(Dataset entries)
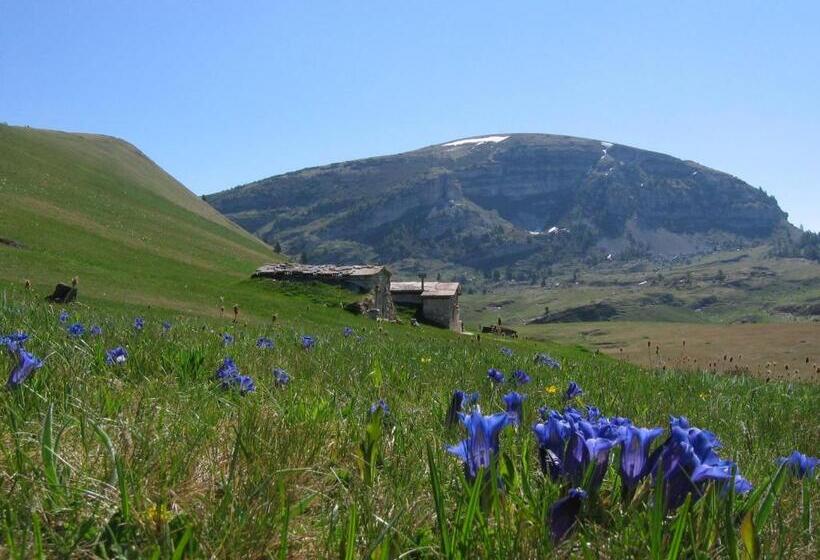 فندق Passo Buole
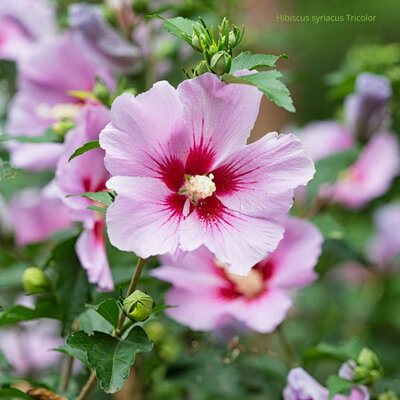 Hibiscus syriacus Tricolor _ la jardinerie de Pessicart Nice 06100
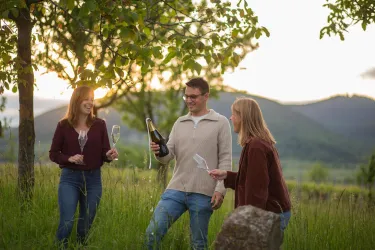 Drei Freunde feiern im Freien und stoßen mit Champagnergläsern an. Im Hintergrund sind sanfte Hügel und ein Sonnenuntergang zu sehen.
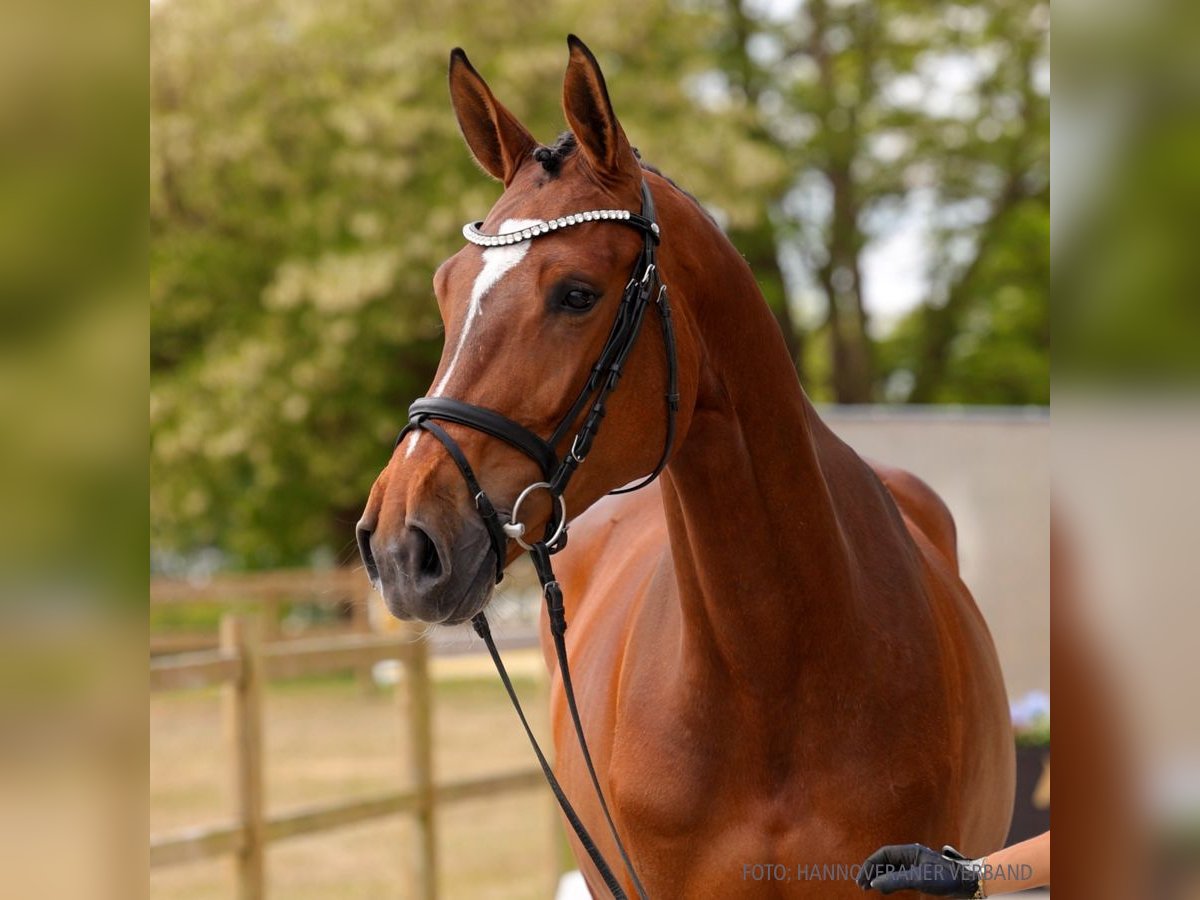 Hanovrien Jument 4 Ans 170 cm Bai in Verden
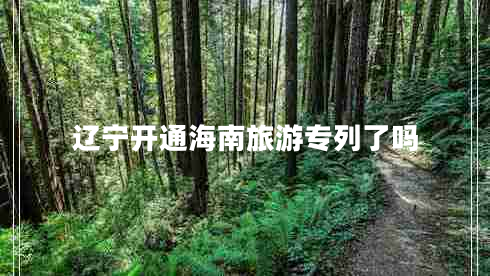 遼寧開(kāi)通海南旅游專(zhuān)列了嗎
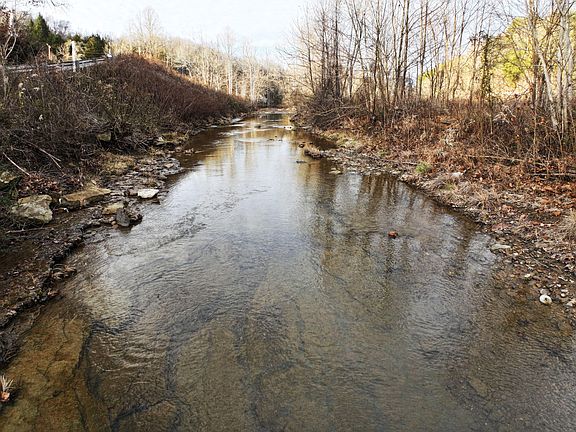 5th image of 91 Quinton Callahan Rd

EXERCISE
All records above should be duplicated exactly, with the pictures omitted.

RESPONSE BOX
 فندق Passo Buole
 Hibiscus syriacus Tricolor _ la jardinerie de Pessicart Nice 06100
 Drei Freunde feiern im Freien und stoßen mit Champagnergläsern an. Im Hintergrund sind sanfte Hügel und ein Sonnenuntergang zu sehen.
 Hanovrien Jument 4 Ans 170 cm Bai in Verden
 遼寧開(kāi)通海南旅游專(zhuān)列了嗎
 5th image of 91 Quinton Callahan Rd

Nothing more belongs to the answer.